Task input:
+---+

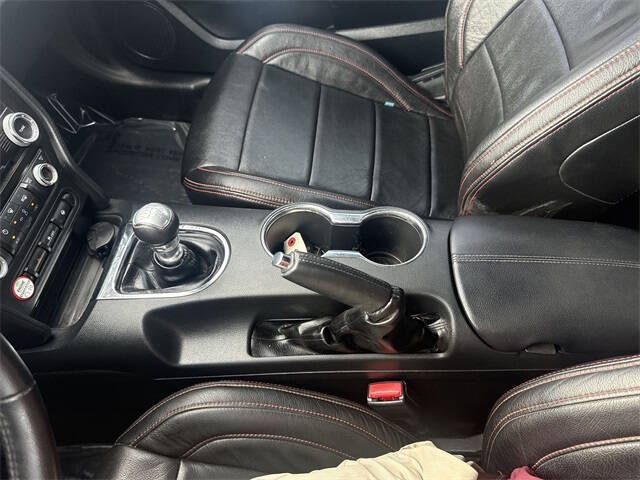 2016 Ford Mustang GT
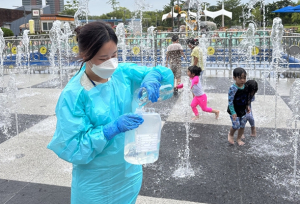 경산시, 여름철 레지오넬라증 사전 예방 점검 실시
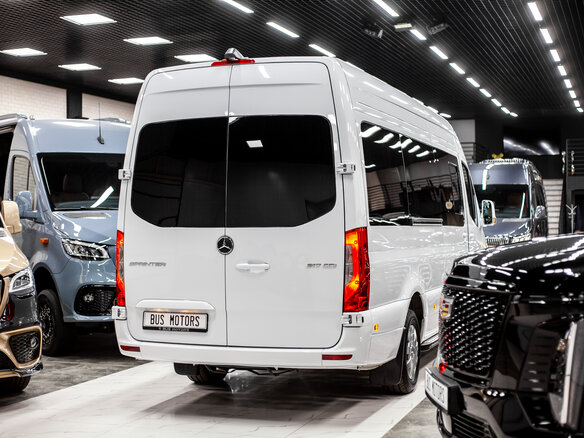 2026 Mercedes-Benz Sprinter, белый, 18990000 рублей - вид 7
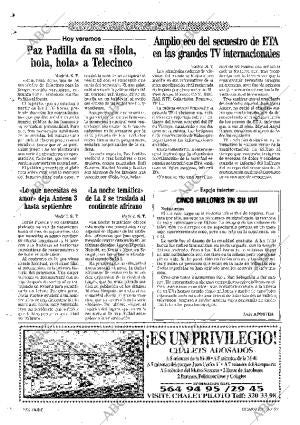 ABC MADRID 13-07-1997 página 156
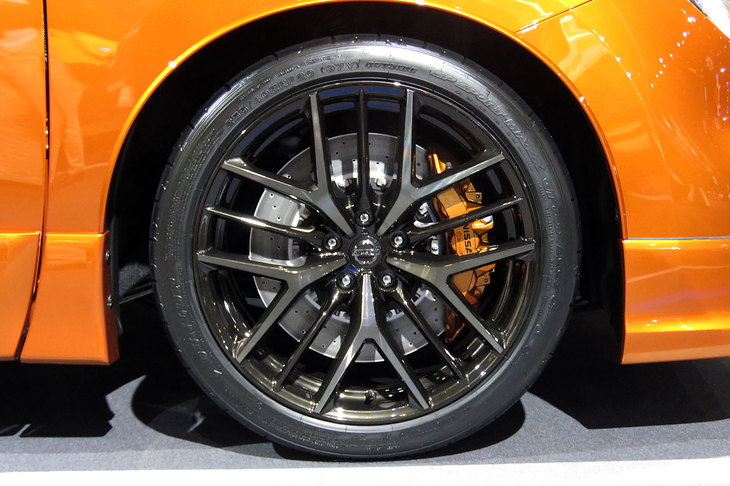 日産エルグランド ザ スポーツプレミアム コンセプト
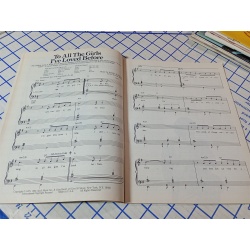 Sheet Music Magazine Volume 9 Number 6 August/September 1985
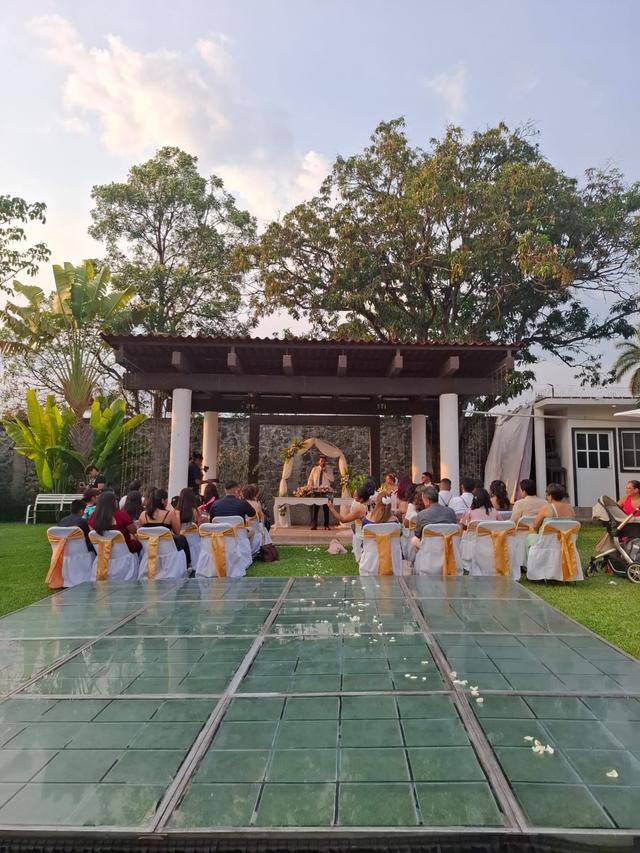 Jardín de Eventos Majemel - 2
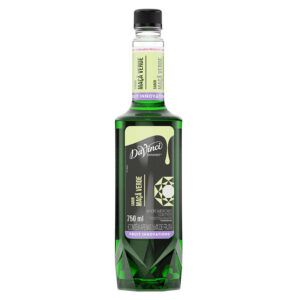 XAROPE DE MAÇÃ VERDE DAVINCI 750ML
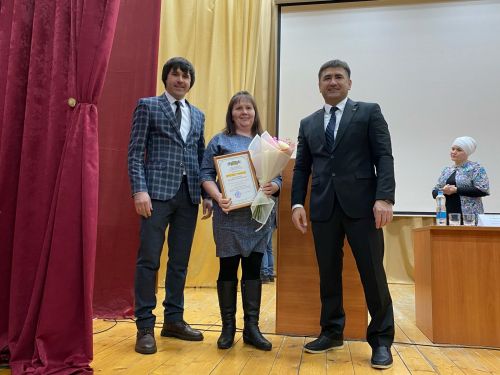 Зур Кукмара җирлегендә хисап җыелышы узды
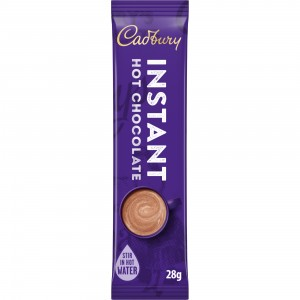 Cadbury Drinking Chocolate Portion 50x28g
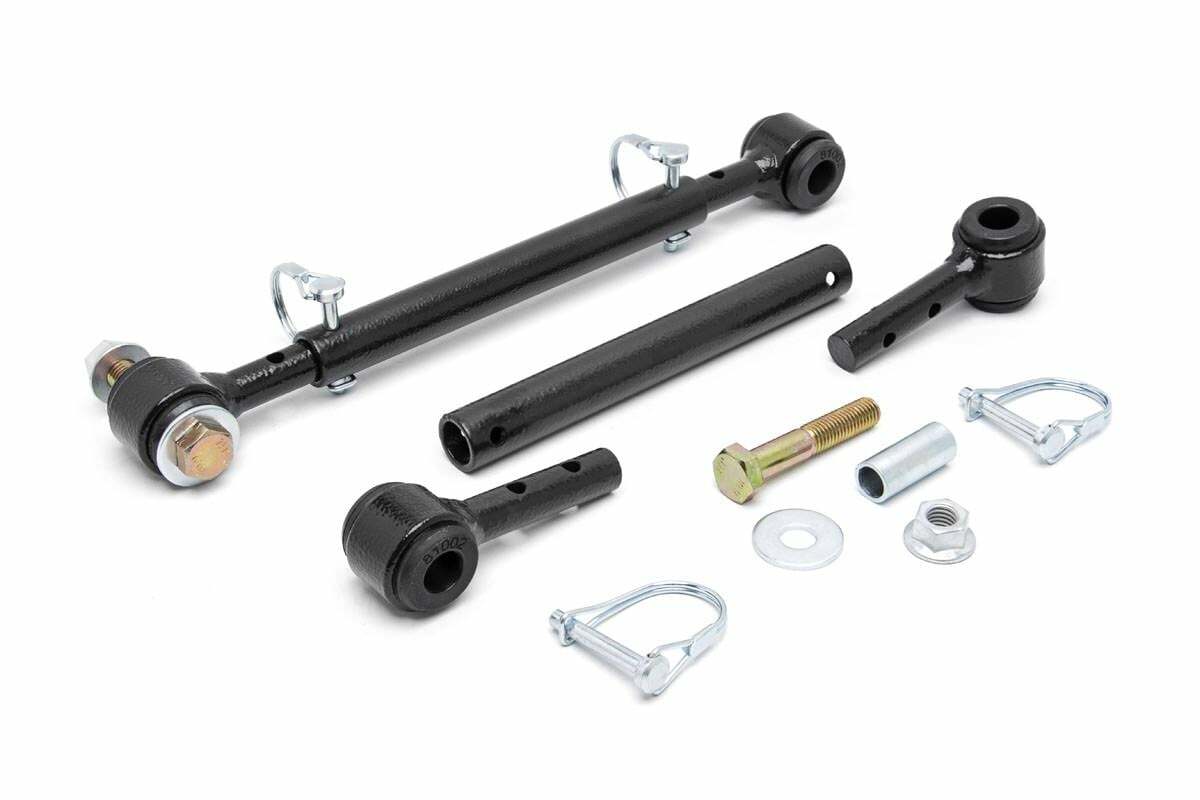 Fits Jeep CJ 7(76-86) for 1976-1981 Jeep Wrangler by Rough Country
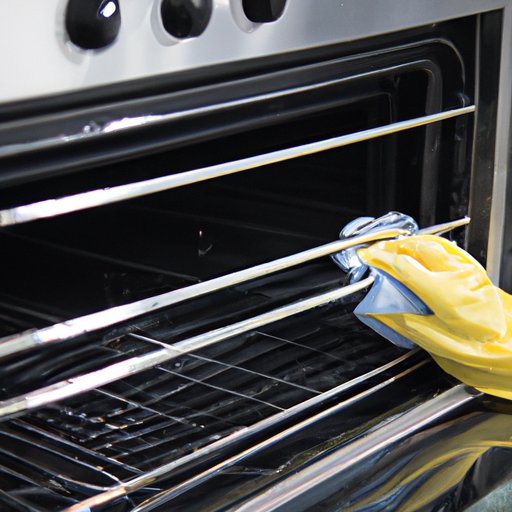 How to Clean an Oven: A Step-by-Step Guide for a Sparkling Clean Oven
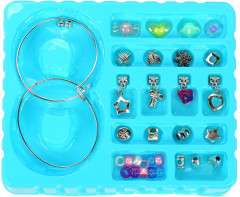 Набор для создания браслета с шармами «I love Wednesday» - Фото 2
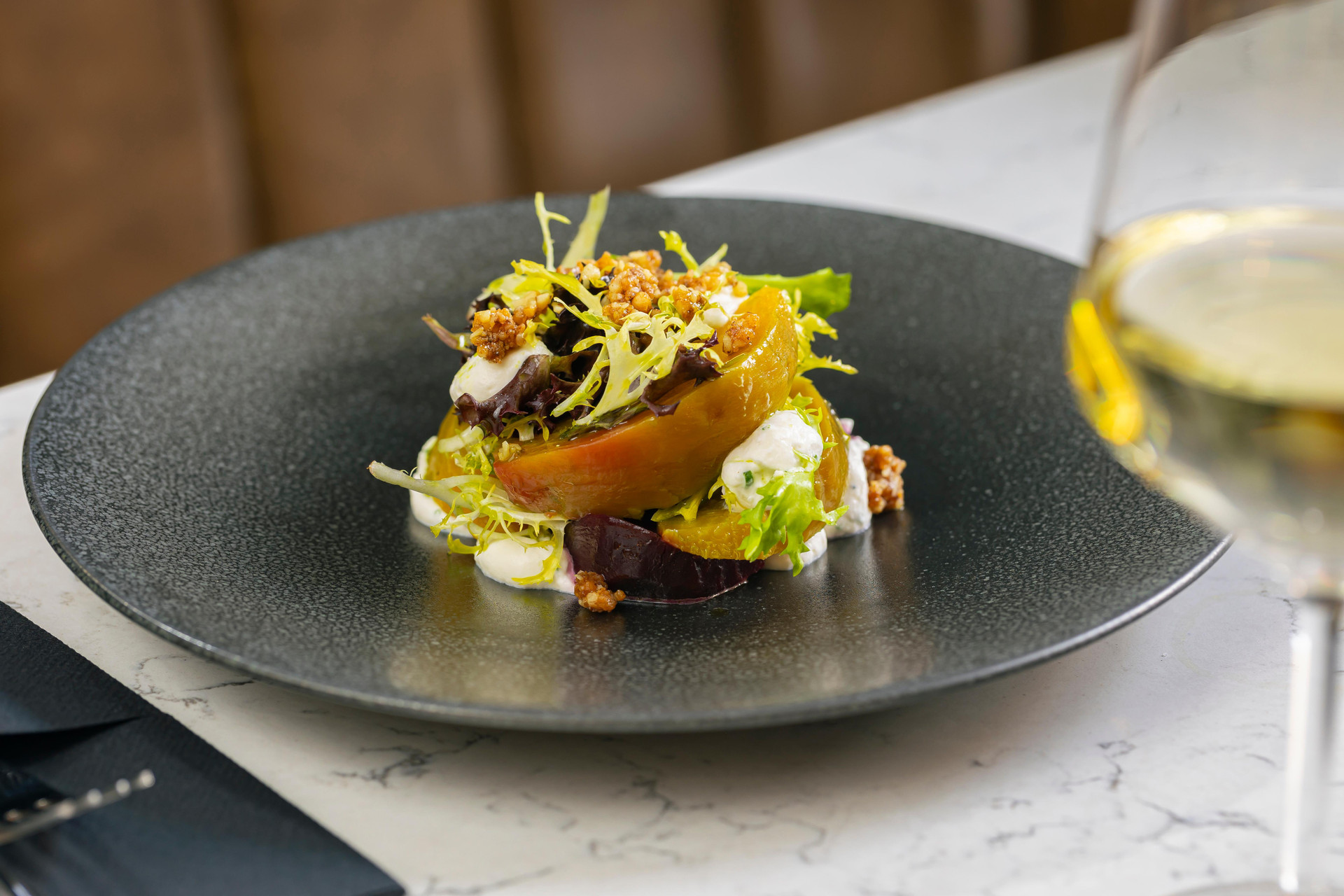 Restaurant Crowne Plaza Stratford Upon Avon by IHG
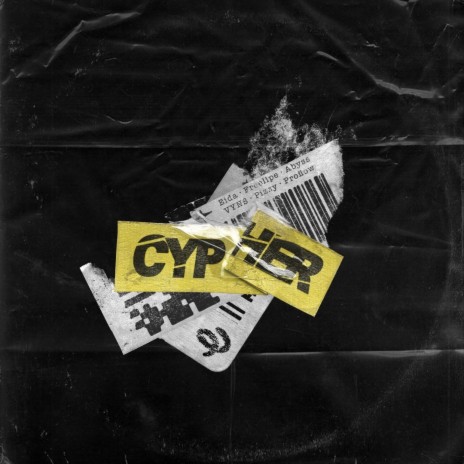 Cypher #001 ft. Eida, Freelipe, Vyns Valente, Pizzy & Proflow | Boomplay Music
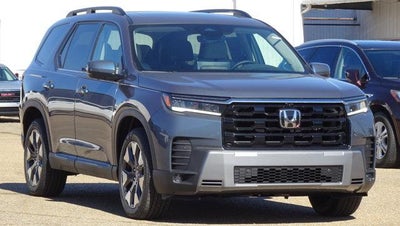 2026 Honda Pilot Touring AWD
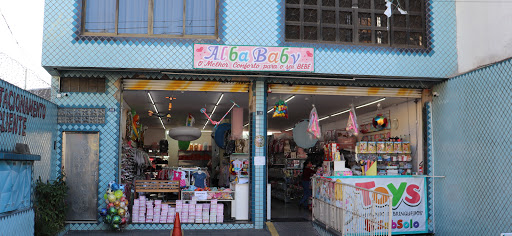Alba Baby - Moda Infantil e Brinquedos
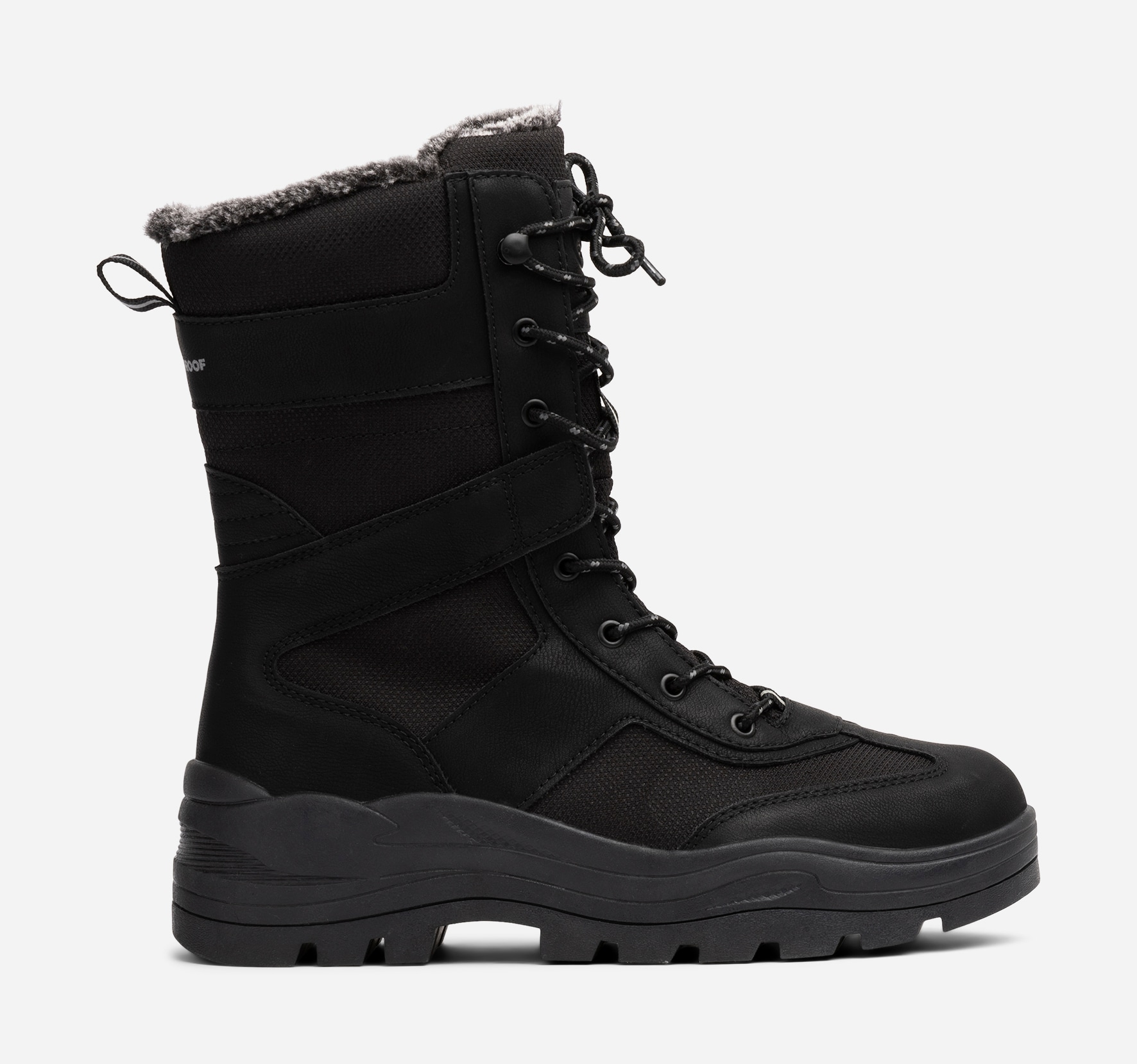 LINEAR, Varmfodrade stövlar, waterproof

+---+

What is required:
The expected output is an exact copy of the lines from the one with "XAROPE DE MAÇÃ VERDE DAVINCI 750ML" to the final line of the entries above, pictures excepted; please include both ends.

Your response:
 XAROPE DE MAÇÃ VERDE DAVINCI 750ML
 Зур Кукмара җирлегендә хисап җыелышы узды
 Cadbury Drinking Chocolate Portion 50x28g
 Fits Jeep CJ 7(76-86) for 1976-1981 Jeep Wrangler by Rough Country
 How to Clean an Oven: A Step-by-Step Guide for a Sparkling Clean Oven
 Набор для создания браслета с шармами «I love Wednesday» - Фото 2
 Restaurant Crowne Plaza Stratford Upon Avon by IHG
 Cypher #001 ft. Eida, Freelipe, Vyns Valente, Pizzy & Proflow | Boomplay Music
 2026 Honda Pilot Touring AWD
Alba Baby - Moda Infantil e Brinquedos
 LINEAR, Varmfodrade stövlar, waterproof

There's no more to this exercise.